A área em questão apresenta irrefutável importância nacional como reserva da biodiversidade de grande importância geomorfológica, como área de recarga de aquífero, de alta riqueza bioespeleológica, paisagística, de história humana e social, pois as águas da região do Gandarela abastecem milhares de famílias, que não se restringem às populações tradicionais17 que habitam a região. O estudo deste caso pode contribuir, portanto, com novos argumentos para a resolução de conflitos ambientais, visto sua importância biológica, social e econômica.

4.3 O projeto

O projeto a ser instalado na região é uma mineração de ferro da companhia Vale S/A, conhecido como Apolo. O projeto, que irá abranger porções territoriais dos municípios de Caeté e Santa Bárbara, a cerca de 40 km de Belo Horizonte, tem uma área aproximada de 1.700 ha de onde estima-se poder extrair 24 milhões de toneladas de minério de ferro/ano ao longo de 17 anos de vida útil (RIMA 2009).

Hoje a VALE S/A é uma empresa transnacional, controlada pelo consórcio VALEPAR - Bradesco, BNDESPar, Previ e a japonesa Mitsui, com sede no Brasil e atividades em mais de 30 países, nos cinco continentes, e considerada pela Forbes Magazine a maior companhia de mineração do mundo (OCMAL, 2013, p. 43). A atuação da Vale S/A se destaca na mineração - minério de ferro e pelotas, níquel, carvão, fertilizantes, cobre, manganês e ferroligas, mas também atua em logística, energia e siderurgia.
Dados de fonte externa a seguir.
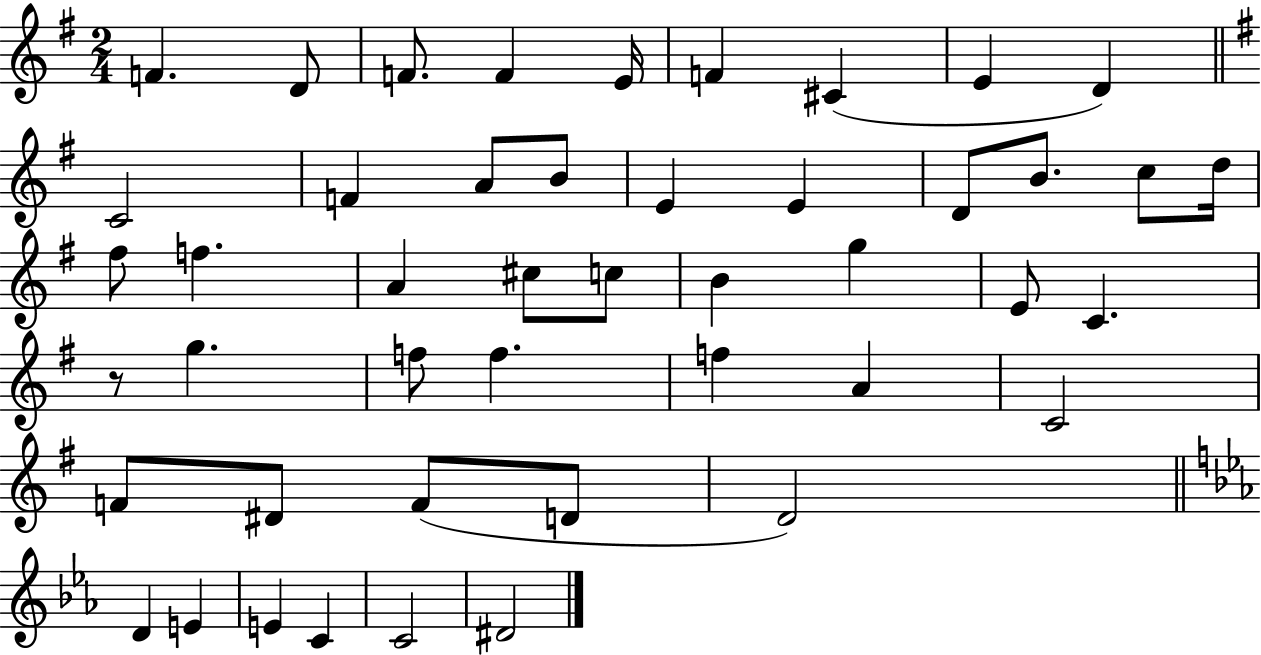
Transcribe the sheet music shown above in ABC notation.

O RIMA (2009), que teve suas informações levantadas entre os anos de 2008 – 2009 apresenta o projeto em quatro etapas: planejamento, implantação, operação e fechamento. O projeto prevê, na fase de implantação, um pico de 4.100 funcionários, chegando a 200 no fim do processo. A preocupação envolve, portanto, não apenas o âmbito do licenciamento, como também o âmbito social, já que a herança deixada por um processo brusco como esse pode modificar para sempre a dinâmica regional.
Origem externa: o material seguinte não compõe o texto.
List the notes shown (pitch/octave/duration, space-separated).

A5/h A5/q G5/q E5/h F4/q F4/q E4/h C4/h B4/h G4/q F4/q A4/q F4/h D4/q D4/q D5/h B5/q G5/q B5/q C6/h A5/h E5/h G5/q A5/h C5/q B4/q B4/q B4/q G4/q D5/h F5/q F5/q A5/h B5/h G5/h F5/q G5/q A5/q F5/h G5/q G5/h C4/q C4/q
O projeto ainda prevê a instalação de um alojamento para 2.000 funcionários a fim de não sobrecarregar os serviços urbanos. Mesmo assim, os distritos de Morro Vermelho, André do Mato Dentro e Cruz dos Peixotos, de estrutura precária, serão os mais afetados pela instalação do empreendimento.

O próprio RIMA afirma que os fluxos migratórios resultantes da influência do empreendimento devem ser observados, assim como a eficiência dos serviços, segurança, mercado imobiliário, pois podem originar diversos problemas à comunidade local. A instalação de mineradoras promove o emprego, mas acelera os problemas sociais; o grande contingente de trabalhadores que é atraído para estas regiões acaba sem trabalho na fase final do projeto e, geralmente sem sucesso, busca novas oportunidades de trabalho (LAMOUNIER, 2009).

Segundo Cury (2002), mesmo os empreendimentos minerários de curto prazo, podem produzir impactos negativos, por um longo período de tempo.